クライアントは専用子機のほか、Windows XP SP2などのワイヤレスネットワークで制御できる状態であれば、メーカー提供の設定ソフト「らくらく無線スタートEX」をインストールすることで、PCのメーカーを問わず多くのWindowsクライアントでこの機能が利用できるようになっている。
WPS策定後のAtermはらくらく無線スタートとWPSの両対応となった。この場合は親機のボタンでWPSも待機状態となる。
搭載製品
[編集]- 親機側アクセスポイント
- Atermシリーズ無線LANルーター/モバイルWi-Fiルーター
- 回線業者に提供するレンタルホームゲートウェイルーター製品(フレッツ光など)
- 子機側クライアント
条件
[編集]- 親機側 - らくらく無線スタート対応、SSIDに対して暗号化が設定済み(初期値)、専用ボタン「SET」「らくらくスタート」がある。

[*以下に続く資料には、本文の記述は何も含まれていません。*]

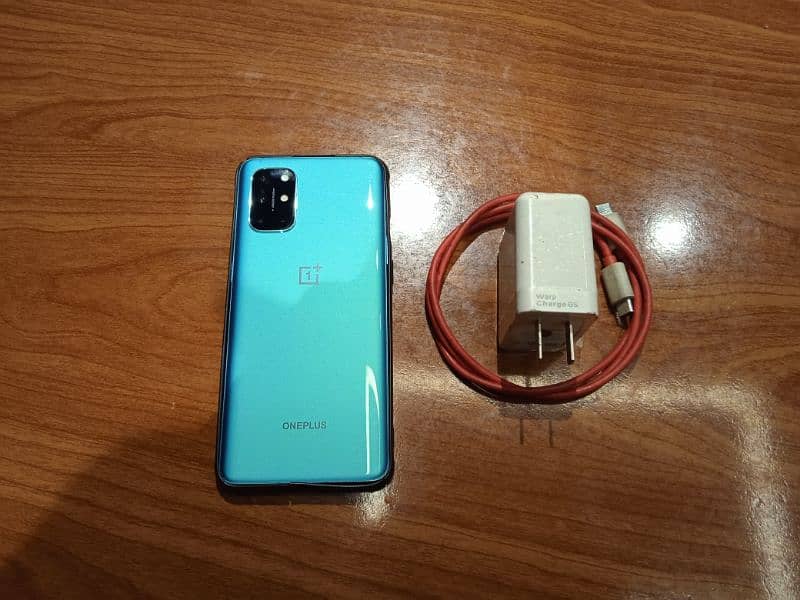 OnePlus 8T with original charger 12/256 0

- 子機側 - らくらく無線スタート対応子機、または対応OSで専用「らくらく無線スタートEX」インストール。
- 「らくらく無線スタートEX」の操作では、対応OS(Windows)の標準のワイヤレスネットワークで制御できる状態であること。
操作
[編集]- 子機側にてこれを起動する(ボタン操作、または専用クライアントツールの画面操作)。
- 親機の「らくらくスタート」もしくは「SET」ボタンを約10秒押す。
- 親機のPOWERランプが緑点滅になり待機状態で、ネゴシエーションをする。
- 数十秒し親機のPOWERランプが橙点滅に変化したらネゴシエーション成功。
- 親機側のボタンを約10秒押す。
- POWERランプ橙点灯10秒。親機に設定されているSSID・暗号化キーが子機にコピーされ設定、保存が完了し、緑灯に戻り操作完了。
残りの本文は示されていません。